Theme4: Part Whole Distributions

In this theme, you need to invent designs to show the distributions of part whole distributions. This is more design oriented: you need to identify tasks, and come up with design alternative, and assess those alternatives. I am not aware of standard accepted designs.

Consider the problem of showing a part whole relationship. To use ATUS, we have the distribution of a person’s day (1440 minute, or 100%) into some number of categories. To show this, we have a number of good part/whole designs (pie charts, tree maps, stacked bars, …).

These designs also work if we’re considering the average time usage. If we have the population, we can look at the average. It is still a part whole relationship. We can still divide up the data and use a standard design. If we want to compare groups, we can show the average usage over the group.
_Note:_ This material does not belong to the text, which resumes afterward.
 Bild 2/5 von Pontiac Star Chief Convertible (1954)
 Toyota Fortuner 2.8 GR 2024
The problem is that this doesn’t show the distribution of distributions: how much variance is there among the different people we averaged together?

If we were talking about numbers, we have lots of choices in how show distibutional information. We can take a bar chart (or dot plot) and add error bars or candlesticks, or turn it into a box-plot, or even a histogram or violin plot per item (and many more). A bar chart (used to compare values) easily becomes (bar chart with error bars, box plots, …) to allow for comparing distributions. You can look at the Seaborn documentation for lots of examples (as implemented in a nice Python library).
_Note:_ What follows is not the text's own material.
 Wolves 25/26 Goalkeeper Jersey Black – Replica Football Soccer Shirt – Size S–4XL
But, if we have a part whole relationship… it’s trickier. If each category isn’t a distribution of values, but rather a distribution of distributions… To show the “mean” of the category, we can show it as a stacked bar chart (or pie chart, or tree map). But what is the equivalent of error bars (or box plots or …) for a stacked bar chart? (or a piechart, or a treemap, or …)

I am unaware of good ways to show distribution information for a part/whole distribution. So, I challenge you (in this project) to come up with some ideas and try them out.

Implicit in this is a notion of summarization: you aren’t going to show all members of the category (there many be a lot). But you want to provide more information than just the mean.

Showing a summary might mean showing the mean and standard deviation/error/CI (like error bars would), or quartiles (like a boxplot would), or the whole distribution (like a histogram or violin plot would).

A baseline design: we could ignore the part/whole relationship, treat the part whole groups as a regular numerical variable, and use a standard way to show the distribution (basically making a faceted chart).

Here is an example where I have two groups (say, male and female), and 4 categories (say sleep, paid work, unpaid work, and other). Just showing the distributions…

stacked.png

If I facet I could show it as a bar chart with error bars:

faceted-errorbars.png

Or even a histogram per category (per group):

faceted-histograms.png

Note that this design does not respect the part-whole relationship. It doesn’t convey the proportion of the parts to the whole (how much of the day is sleeping). And the interdependence of the categories (if you spend more time sleeping, you must spend less time doing something else).

(with the sketch, I did not preserve the amounts. In the Faceted Bar Chart, the 4 bars need to add up to 100% of the time, in the faceted histograms, each of the vertical histograms needs to add up to 100% of the samples)

Note: that the stacked bar is just one possible design… we might want to do the same thing for stacked area charts, or tree maps, or pie charts, or …

Also: this example, all of the wholes were the same size. What happens if each group has a different amount (for example, the groups are the sales at different stores, which sell different amounts of stuff in total, and have different distributions among product categories).

The Challenge

You job is to come up with new designs that show the distributions of the parts of part whole relationships.

Of course, a “good” design means that it is effective for some task(s). So you need to identify what the tasks are. Part of a good answer to this theme is to identify the tasks well.

I recommend proposing multiple designs, and comparing them with the baseline (the baseline is faceting the histograms and using an appropriate distribution - making a “faceted box-plot” is not a new design). You might conclude that the faceted designs are actually really good for some tasks.

You might try to implement your design to show things with real ATUS data, or you might just try to sketch (try to use realistic scenarios). Your sketches should be better than mine. There is a “part whole” notion on effort: if you do nicer implementation (e.g., program with real data vs. sketch), you might do less creative design exploration, and design analysis.

You might try to critique the baseline design as a way to generate ideas.

When we evaluate this, we will consider:

  1. Your design exploration. How good were the designs you came up with (in terms of quantity, quality, and creativity/novelty)?
  2. Your “implementations”. This could range from crude sketches to programmatically implemented versions that work on the real data.
  3. Your analysis. How well did you identify tasks? How well did you analyze the effectiveness of different designs?